Starting a Business? Preparing a Business Plan is Essential For Success
Time and again I speak with business people, clients or otherwise, who started their businesses without creating a business plan. This is easy to understand because creating a thorough business plan that covers all of the essential topics is time-consuming. It is also frightening because it forces the prospective business owner to face issues related to starting the business that the person may not be ready to face, like, for example, the nature of the competition and what it is that the person is going to offer that competitors do not already. Even so, preparing a business plan is essential to the success of a new business. Set out below is a list of a few of the reasons why creating a business plan is important.
As already mentioned, it forces the prospective business owner to look at the business on paper and to face harsh realities about getting the business up and running on paper before actually getting started with creating the business itself. This process can be defeating, frustrating, and eye-opening because it may call into question the viability of the core business concept itself. But isn’t it essential to know whether your business can even work before spending time and financial resources on finding out?
It helps the prospective business owner to identify the amount of capital needed to invest in getting the business started and to keep it running for the long term.
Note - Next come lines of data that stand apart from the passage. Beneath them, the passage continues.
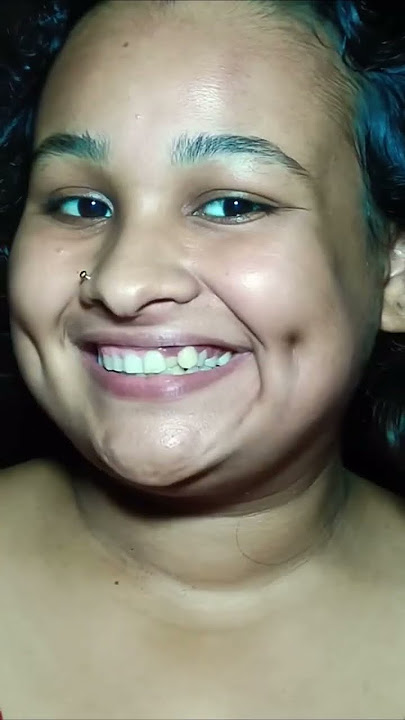 trying fake dimple hack 😱 get dimple in 2 minutes😳 #shorts  #trend #dimplehack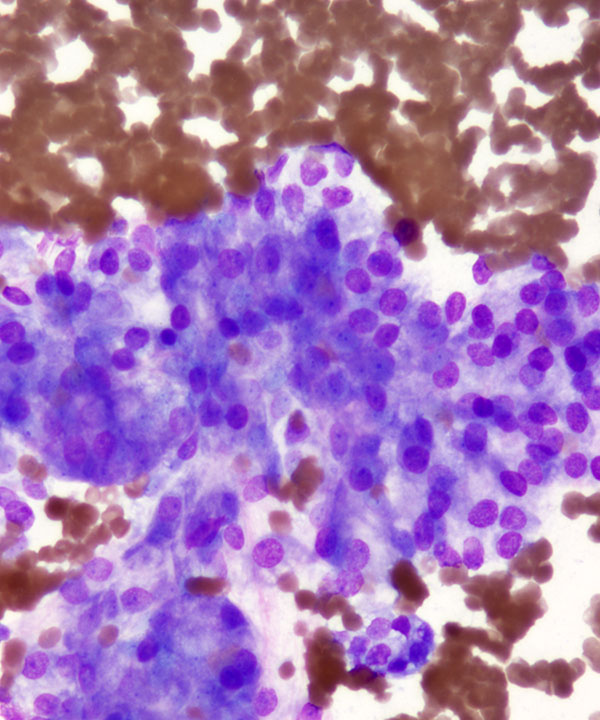 04 : Acinar Cell Carcinoma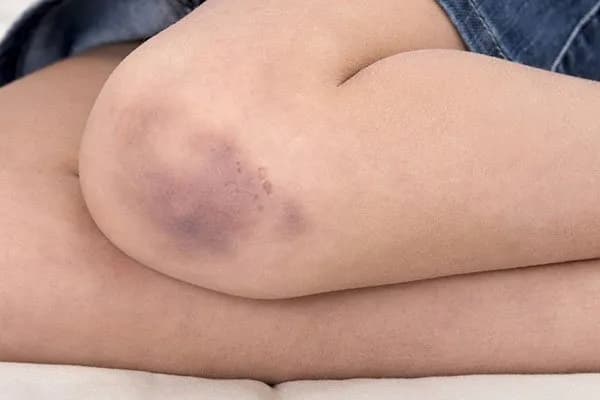 Thế nào là đông máu rải rác trong lòng mạch?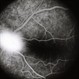 Retinal Capillary Hemangioblastoma Retinal Capillary Hemangioblastoma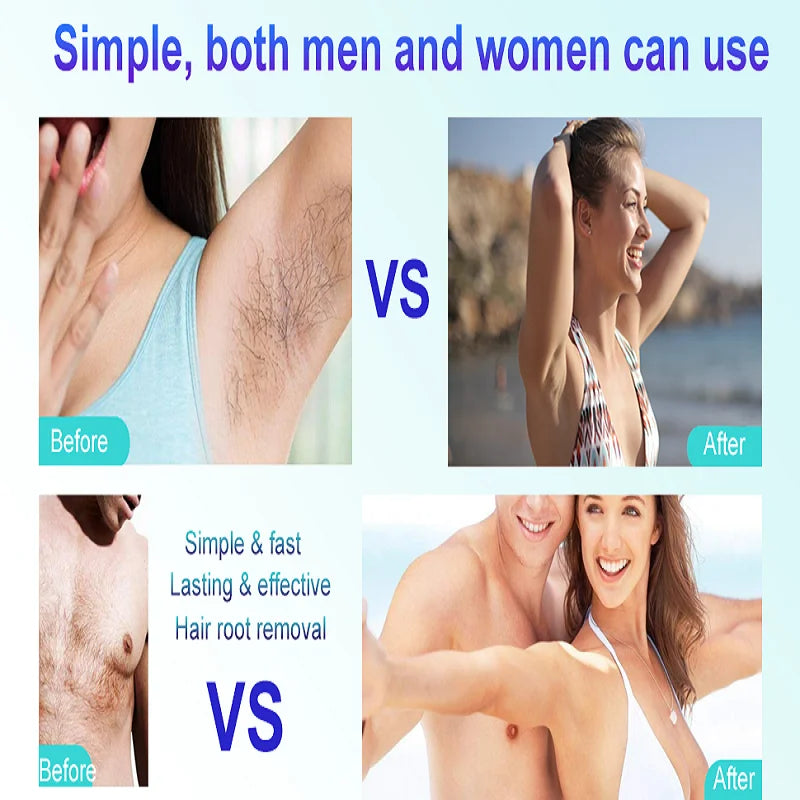Hard Wax Beans for Hair Removal - 4 Pack 50g Bikini & Body Depilation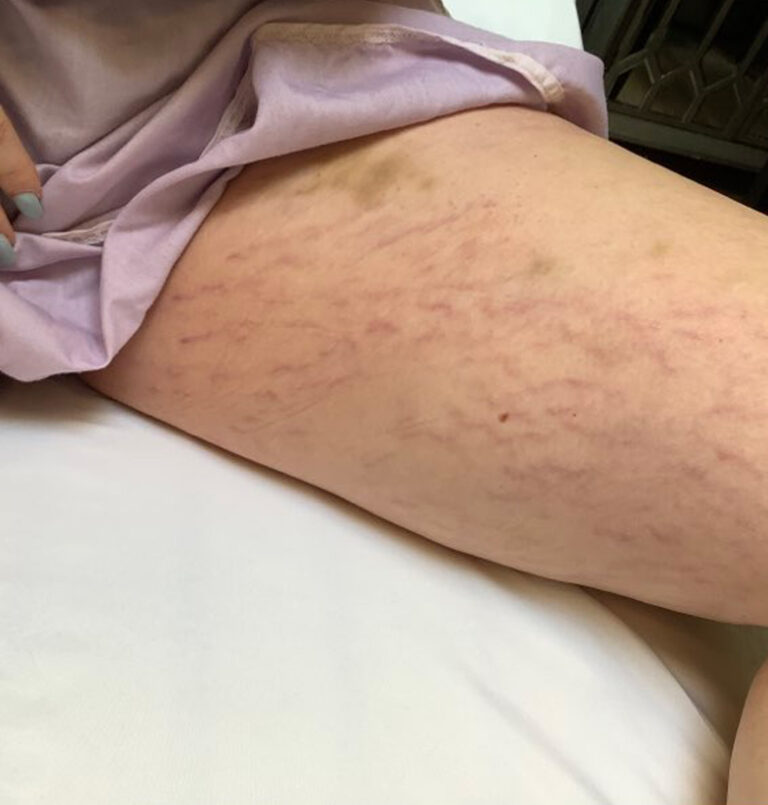 Close up of person's inner thigh before Vi Peel chemical peel treatment
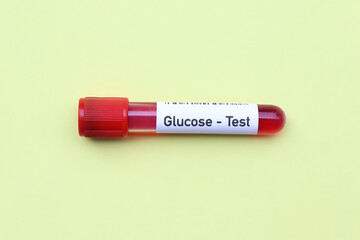 Glucose test to look for abnormalities from blood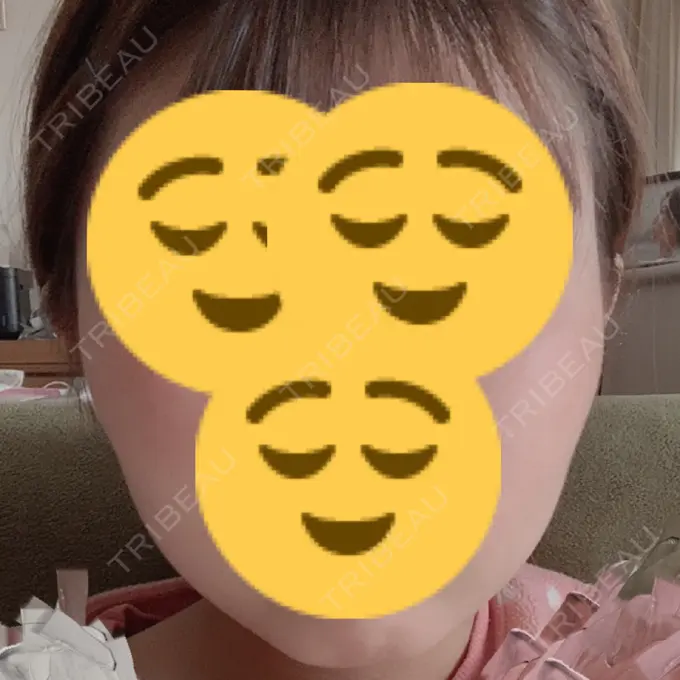 ボトックス（エラ・小顔） もとび美容外科クリニック 新宿院 DAY 21 メイン用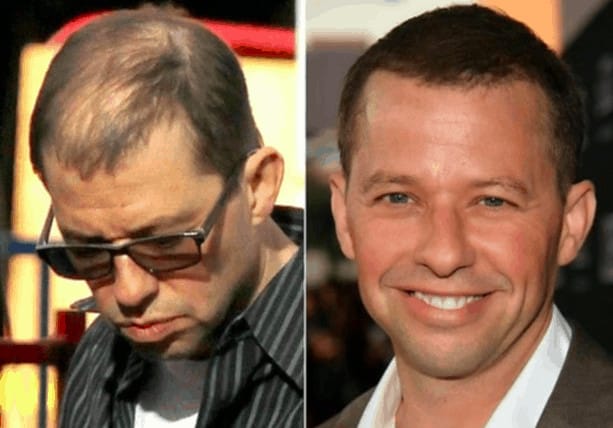 Jon Cryer celebrity hair transplant (before and after).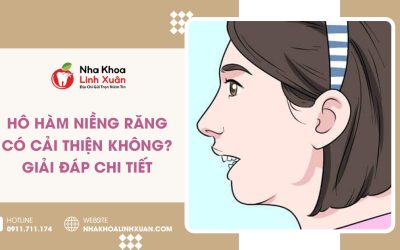 Hô hàm niềng răng có cải thiện không? Giải đáp chi tiết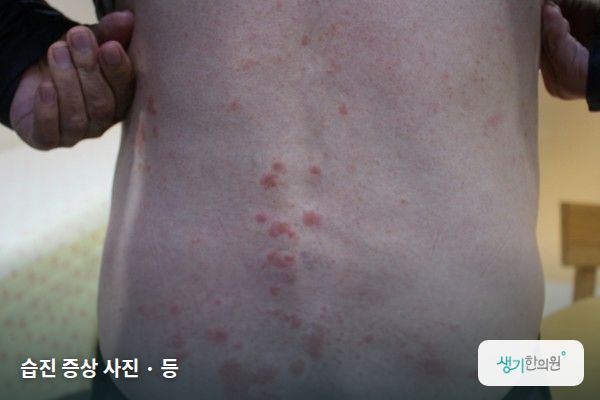 등에 생긴 습진 증상 사진 — 습진 증상 사진 · 등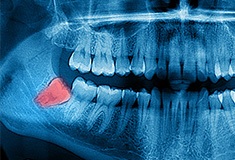 X-ray of impacted wisdom tooth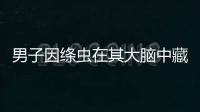 男子因絳蟲在其大腦中藏匿了數十年 導致其突發癲癇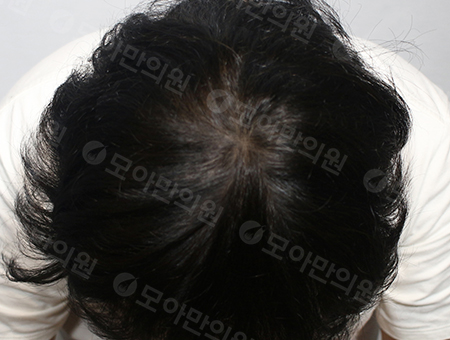 After 女性症例20 頭頂部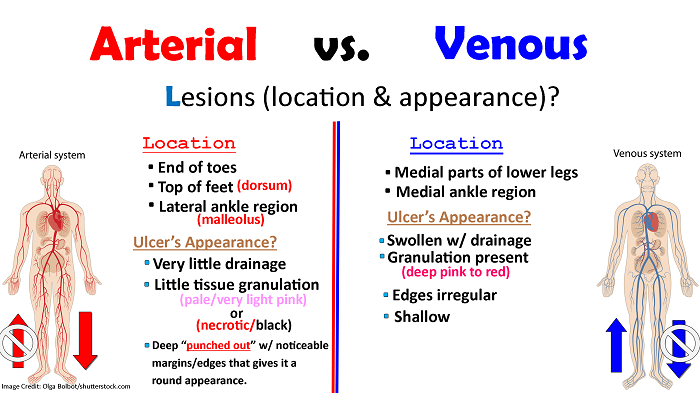 pvd, pad, arterial, venous, disease, peripheral arterial venous disease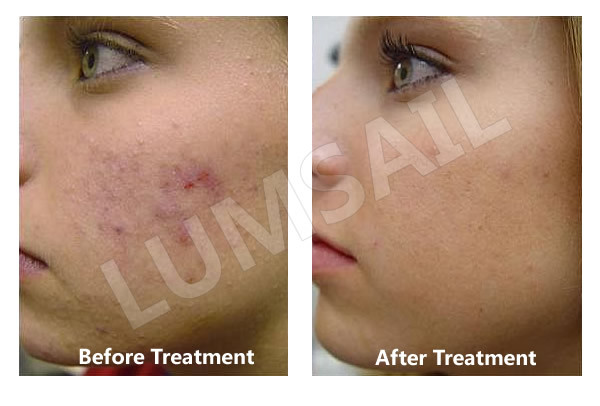 Facial Treatment LED Phototherapy Machine , Acne Light Therapy Devices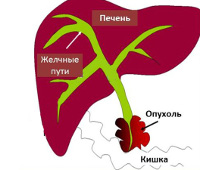 Контрольная работа по теме Этиология опухолей. Клинические проявления гемолитической желтухи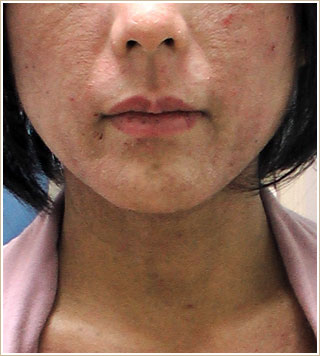 ノンメタル治療前　顔部分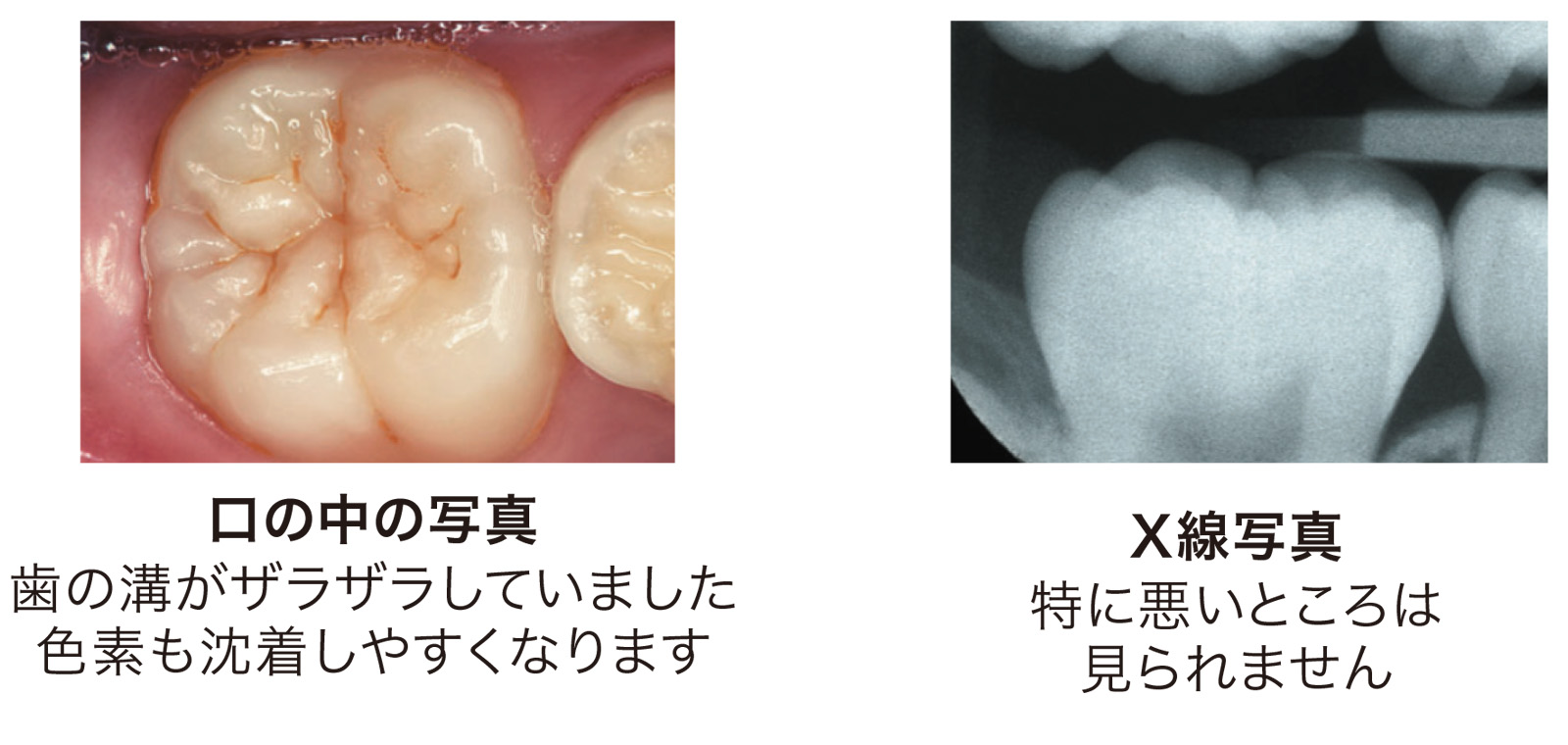 虫歯の進行 一般歯科 タスクデンタルクリニック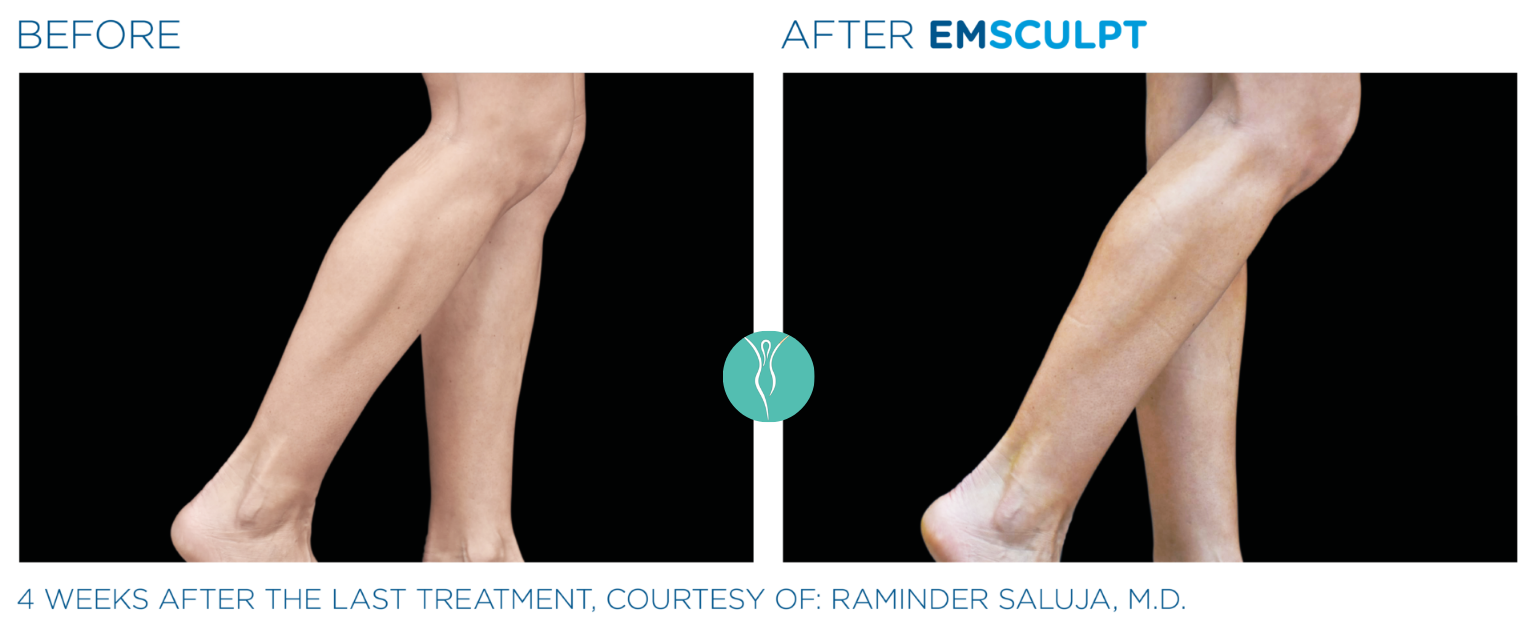Body Sculpting emsculpt neo body sculpting before and after (2)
It helps the prospective business owner to identify the sources of financing if the prospective business owner does not already have the necessary capital on hand.
It helps the prospective business owner to identify the appropriate legal structure for their type of business.
It helps the prospective business owner to identify the legal context within which the business will operate, and will help the prospective business owner to become familiar with the laws that will govern their type of business. No business owner wants to be surprised that they are violating laws that they did not even know existed.
It helps the prospective business owner to identify marketing costs and challenges, including the direct and indirect competition and how to effectively differentiate the business.
It helps the prospective business owner to identify the proper location: whether the business should be online only, or whether the business should have an online and a physical presence.
It helps the prospective business owner to identify the ideal physical location and the costs related to acquiring the location and preparing it for legal occupation (legal occupation is required to obtain most business licenses in NSW and often involves resolving issues with the property with the local Council) by the business.
It helps the prospective business owner to identify their employer obligations, which are essential to avoiding issues with Fair Trading NSW, and the relevant taxing authorities, among others.
It helps the prospective business owner to identify their tax obligations, whether in relation to the business entity, or to the payment of salaries or the like to workers.
And, although each of the items in this list is essential, perhaps the most important reason to write a business plan is to understand the licensing obligations associated with ensuring that the business will look and operate the way that the prospective business owner wants it to look and operate for the long term. More specifically, while it is relatively easy to identify that the business may require a license from the Liquor and Gaming NSW to operate legally in Sydney, or anywhere in NSW, it may be less obvious without writing a business plan that the business owner may also want a liquor license for the business. Obtaining a liquor license in NSW particularly in Sydney, can be very challenging. Not only do the persons who oversee the State Liquor Authority regularly change, causing internal policies to change, but preparing a liquor license application requires gathering a substantial amount of information. Another example involving the unanticipated need for a license might involve a business that offers instruction/education to customers or clients, and the instruction/education itself implicates the need for the business or an owner to have a license to share the particular information. Simply put, deciding that a liquor (or any other) license may be essential to the success of the business after the business is up and operating is not a good idea. Not only does it create a great deal of unnecessary stress for the business owner, but it also can create a stressful relationship with any person hired to assist with obtaining the license.
In short, a person who plans to succeed must prepare a business plan and should only spend nominal sums on testing and researching the business idea before going ‘all in’.